**SOURCE MATERIAL**.
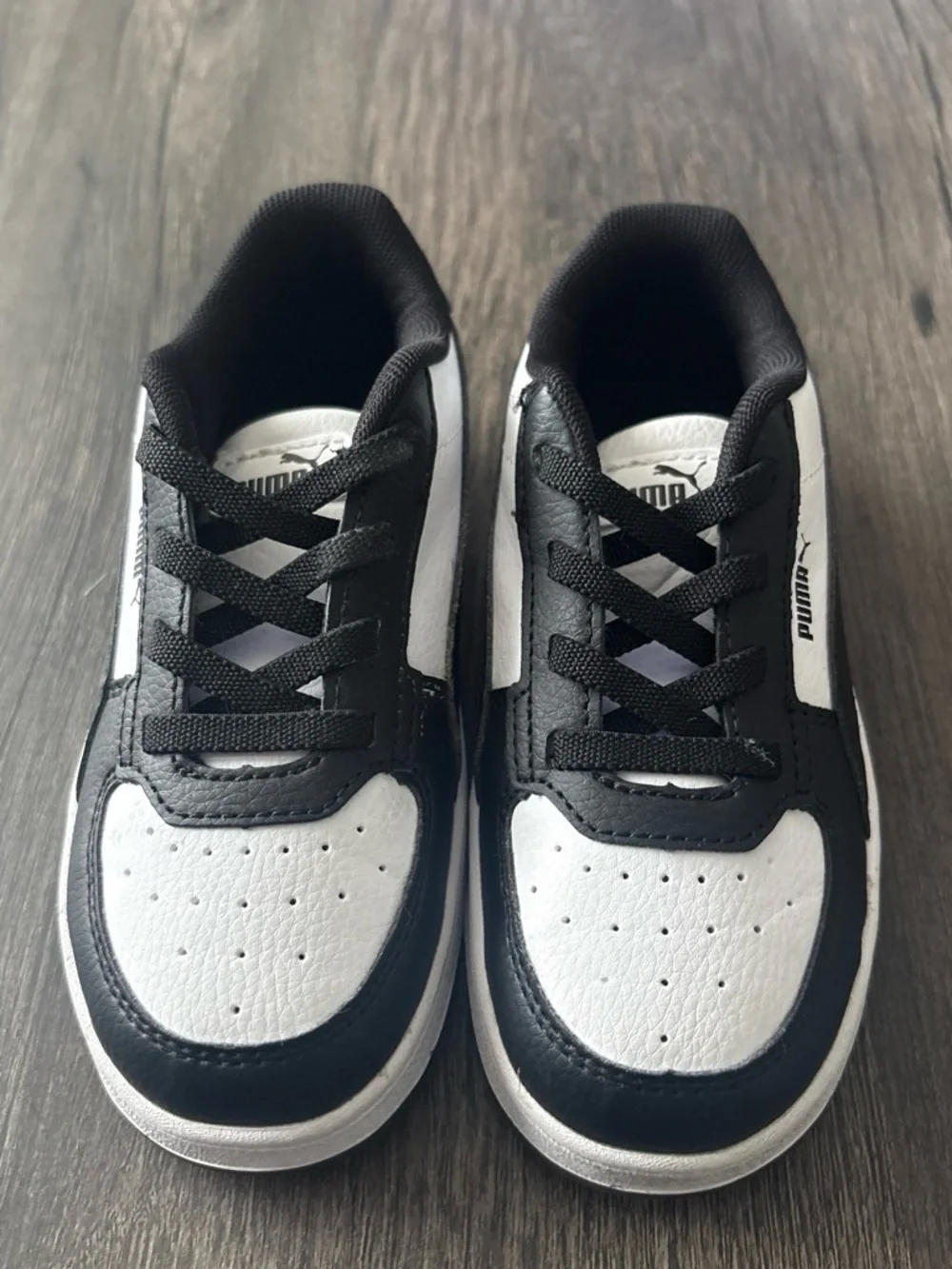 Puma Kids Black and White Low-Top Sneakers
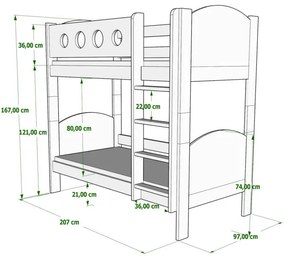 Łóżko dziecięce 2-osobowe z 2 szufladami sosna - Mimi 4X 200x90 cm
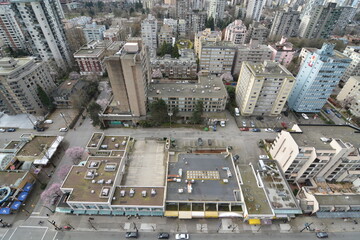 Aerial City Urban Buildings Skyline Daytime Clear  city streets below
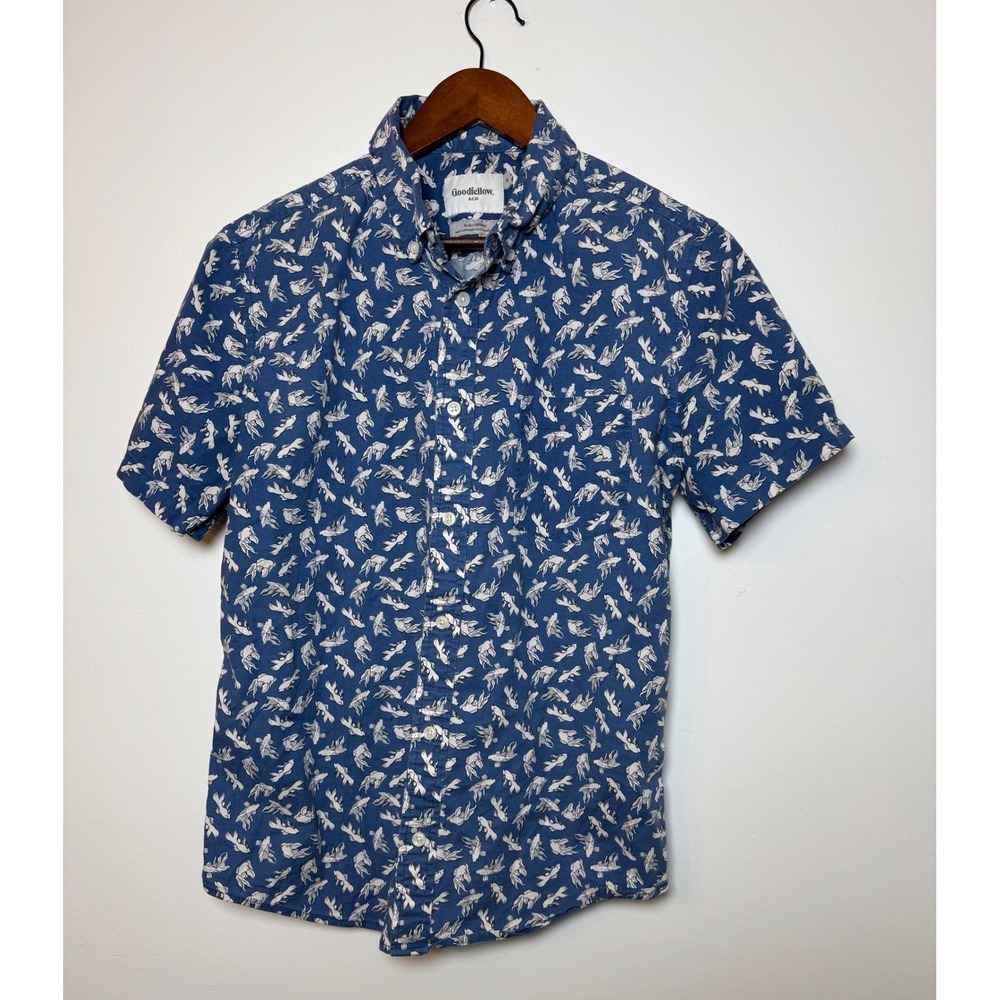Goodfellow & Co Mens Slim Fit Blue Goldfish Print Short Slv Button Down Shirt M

**WORK INSTRUCTION**. Restate the material above exactly. Exclude all pictures.

**EXERCISE RESULT**.
 Puma Kids Black and White Low-Top Sneakers
 Łóżko dziecięce 2-osobowe z 2 szufladami sosna - Mimi 4X 200x90 cm
 Aerial City Urban Buildings Skyline Daytime Clear  city streets below
Goodfellow & Co Mens Slim Fit Blue Goldfish Print Short Slv Button Down Shirt M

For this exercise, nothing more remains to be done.